Disguise doesn’t actually make the visuals — that’s done by companies like Walt Disney Co.’s Industrial Light and Magic. Concert venues rely on Disguise to process and pull in the different graphics, placing them in order. Clients pay anywhere from hundreds of thousands to millions of dollars to use Disguise’s servers, and additional fees for access to different software tools. While the server is the foundation, Disguise sees far more potential in the software business — especially as it pertains to virtual production and live broadcasting.

CJ ENM, a South Korean entertainment company, uses Disguise technology for its in-house virtual production studio, the VP Stage, for 2D image and video mapping, and virtual and augmented reality. The company aims to use the VP Stage to film a wide range of visual content for all kinds of entertainment from film to TV series, unscripted shows and commercials.

“Disguise has so far unrivaled solutions utilizing 2D video and image,” a spokesperson for CJ ENM said in a statement. “For a company like CJ ENM whose content library spans a wide spectrum of genres and formats, Disguise’s solutions have been highly suitable.”

Financial Support

In 2017, Disguise started looking for financial support. Kufer executed a management buyout with support from Livingbridge, a mid-sized private equity firm based in London. Over the next couple of years, Kufer increased Disguise’s sales to about $40 million and opened offices in New York, Atlanta and Los Angeles.

Disguise was on the verge of closing a major investment from the Carlyle Group, one of the world’s largest private equity firms, when Covid-19 shut down live music and productions and reshaped live broadcasting. Disguise lost all of its projects overnight, and there were moments when Kufer thought the company would have to be shut down, he said.

The pandemic turns out to have had a silver lining for Disguise, in that it boosted demand for virtual production technology — and gaming. Disguise had already been working with Epic Games Inc., best known for the video game Fortnite. But Epic’s most significant invention is actually the Unreal Engine, 3D graphics software that allows people to develop video games, produce or animate films and visualize spaces and products.

Epic saw the potential in Disguise’s technology and acquired a 5% minority stake, giving it the capital it needed to survive the pandemic and enticing Carlyle back to the table. Carlyle took a majority stake in Disguise in 2021.

Everything is becoming a cinematic experience, said John McConnell the graphics producer for the Portland Trailblazers, one of only five teams in the NBA that produce all their live broadcasts in-house. Working with the team, Disguise created a temperature tracker that would indicate whether the players was shooting well or not. If the players were on fire, or playing well, the temperature would shoot up. If the team was playing poorly, the bar would dip and virtual icicles would hang off the thermometer.

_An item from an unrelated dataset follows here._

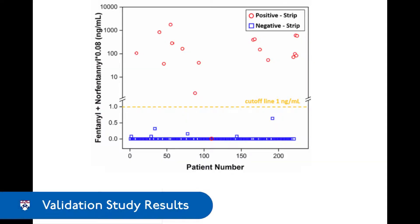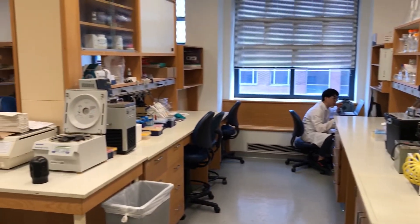We demonstrated that our strip was able to give high clinical sensitivity, high clinical specificity, as well as high positive and negative predictive values.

“Innovations like these are needed when we are competing for eyeballs,” McConnell said. “Our ownership group was really focused on making the in-game broadcast as good as it can be.”

The biggest opportunity ahead for Disguise may be in Hollywood, where Kufer is now moving after 23 years in London. In California, Disguise has deals with virtual effects studios for work on dozens of different sound stages, including many that work with Netflix.